→ **Records for processing**
%%

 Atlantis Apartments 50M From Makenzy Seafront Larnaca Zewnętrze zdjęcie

%%
%%

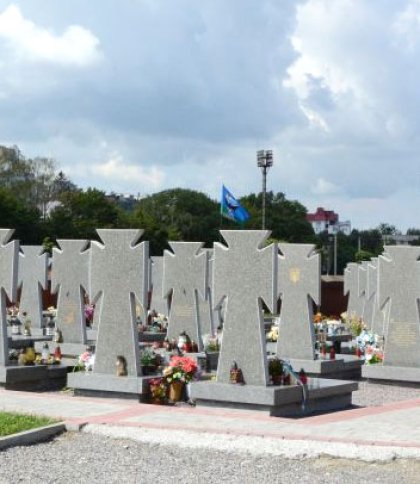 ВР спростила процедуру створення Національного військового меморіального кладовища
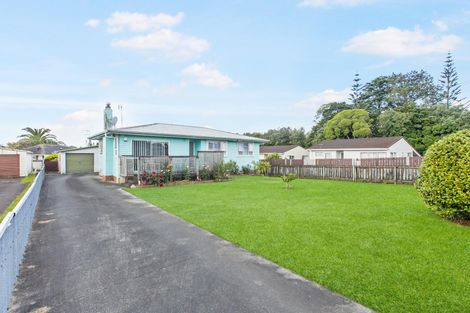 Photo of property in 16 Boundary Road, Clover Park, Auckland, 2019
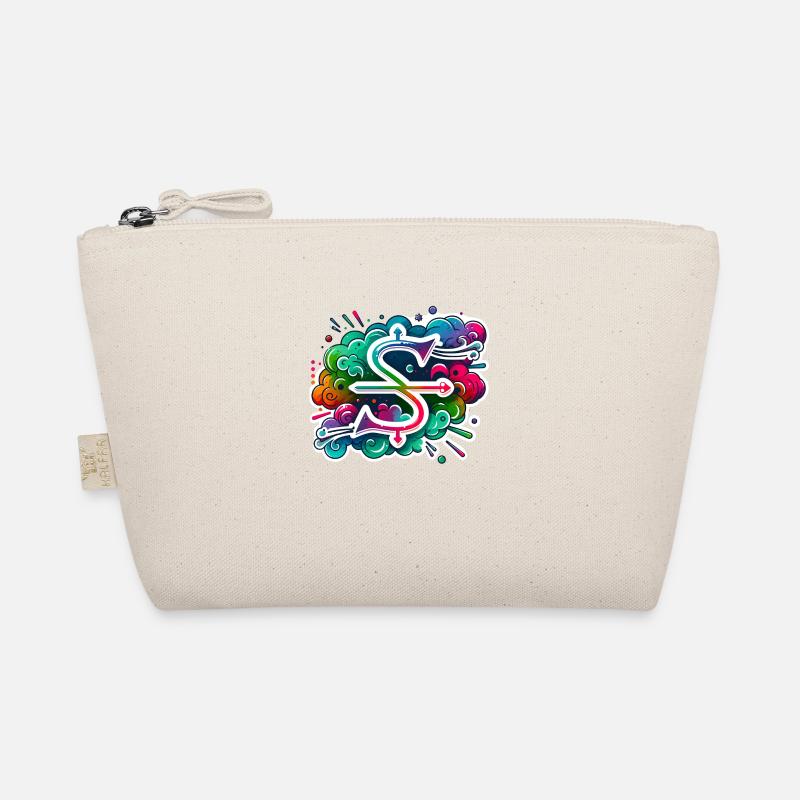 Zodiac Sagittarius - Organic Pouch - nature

%%
%%

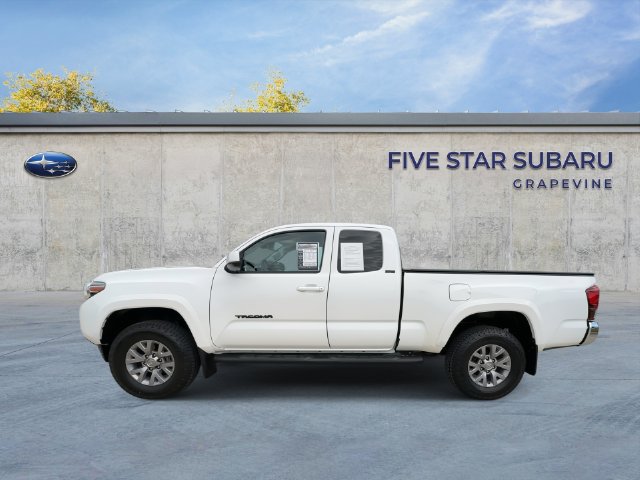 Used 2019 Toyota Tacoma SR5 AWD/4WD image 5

%%

→ **What the task requires**
Up in the listing, locate the line with "Photo of property"; print it and every line after it down to the line with "Zodiac Sagittarius - Organic Pouch - nature", which is included too. Skip the pictures.

→ **Written response**
 Photo of property in 16 Boundary Road, Clover Park, Auckland, 2019
 Zodiac Sagittarius - Organic Pouch - nature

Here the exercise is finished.